(Beginning of INFORMATION)

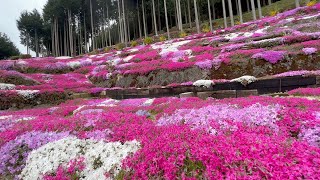 2022/04/12　満開です！　中津の芝桜　〜愛媛県久万高原町〜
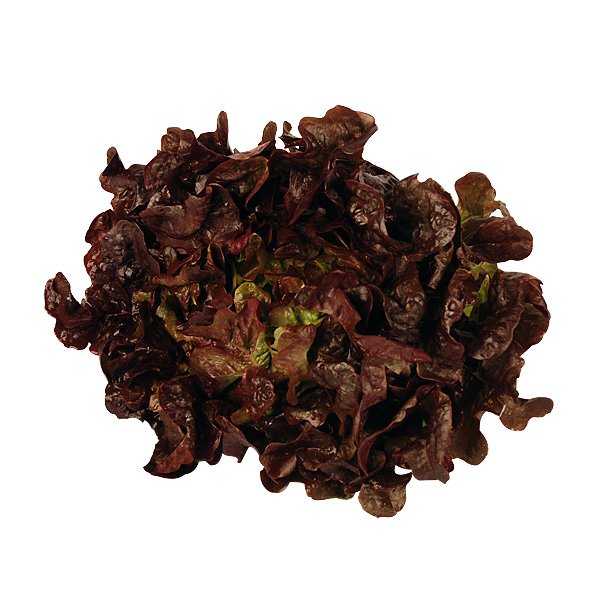 Eichblattsalat - fränkisch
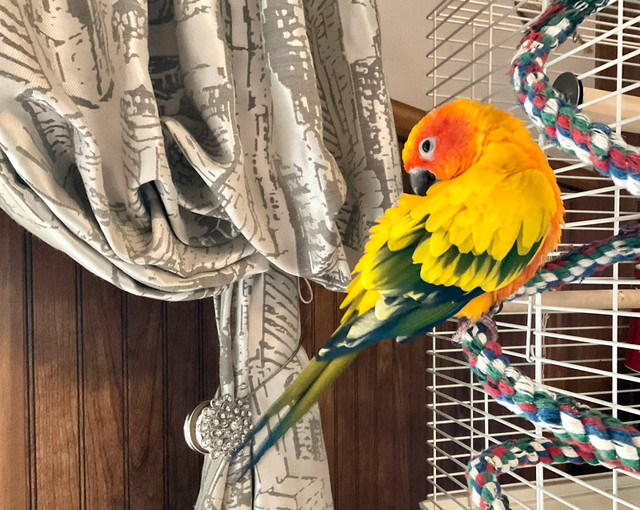 Beautiful male Sun Conure in Birds for Rehoming in Windsor Region - Image 3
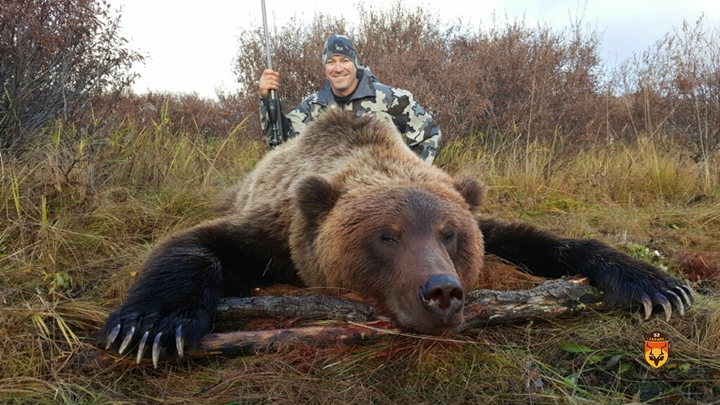 灰熊狩猎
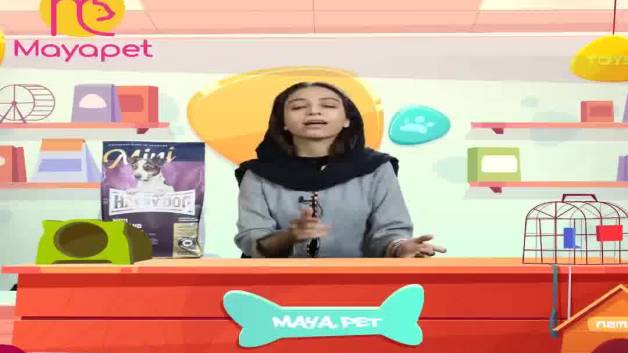 اهمیت غذای خشک در رژیم غذایی حیوان ها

(End of INFORMATION)

*PROBLEM TO SOLVE:* The entire listing above, word for word and without pictures, is what should be output.

*TASK SOLUTION:*
 2022/04/12　満開です！　中津の芝桜　〜愛媛県久万高原町〜
 Eichblattsalat - fränkisch
 Beautiful male Sun Conure in Birds for Rehoming in Windsor Region - Image 3
 灰熊狩猎
 اهمیت غذای خشک در رژیم غذایی حیوان ها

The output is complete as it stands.